(Entries shown Opens)
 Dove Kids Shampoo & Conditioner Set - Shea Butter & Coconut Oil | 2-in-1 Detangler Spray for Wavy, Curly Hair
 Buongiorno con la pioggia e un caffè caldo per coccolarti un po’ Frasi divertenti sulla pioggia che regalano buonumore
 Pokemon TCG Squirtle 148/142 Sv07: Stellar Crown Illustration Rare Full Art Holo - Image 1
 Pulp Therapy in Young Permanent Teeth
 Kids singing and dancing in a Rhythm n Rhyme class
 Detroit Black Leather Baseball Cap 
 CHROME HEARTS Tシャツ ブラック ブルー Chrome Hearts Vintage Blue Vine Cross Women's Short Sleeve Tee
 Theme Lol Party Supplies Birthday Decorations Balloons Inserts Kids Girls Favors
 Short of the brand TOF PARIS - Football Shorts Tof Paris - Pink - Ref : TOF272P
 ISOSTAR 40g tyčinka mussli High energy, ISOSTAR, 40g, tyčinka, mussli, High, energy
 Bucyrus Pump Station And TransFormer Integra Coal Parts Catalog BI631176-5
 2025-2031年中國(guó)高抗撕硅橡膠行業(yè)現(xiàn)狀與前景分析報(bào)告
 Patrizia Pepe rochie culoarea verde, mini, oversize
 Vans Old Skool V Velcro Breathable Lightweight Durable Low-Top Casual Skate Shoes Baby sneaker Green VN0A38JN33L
(Entries shown Closes)
- _Description of the task_: Pull every line containing the word "Kids" out of the entries above.

- _Expected answer_:
 Dove Kids Shampoo & Conditioner Set - Shea Butter & Coconut Oil | 2-in-1 Detangler Spray for Wavy, Curly Hair
 Kids singing and dancing in a Rhythm n Rhyme class
 Theme Lol Party Supplies Birthday Decorations Balloons Inserts Kids Girls Favors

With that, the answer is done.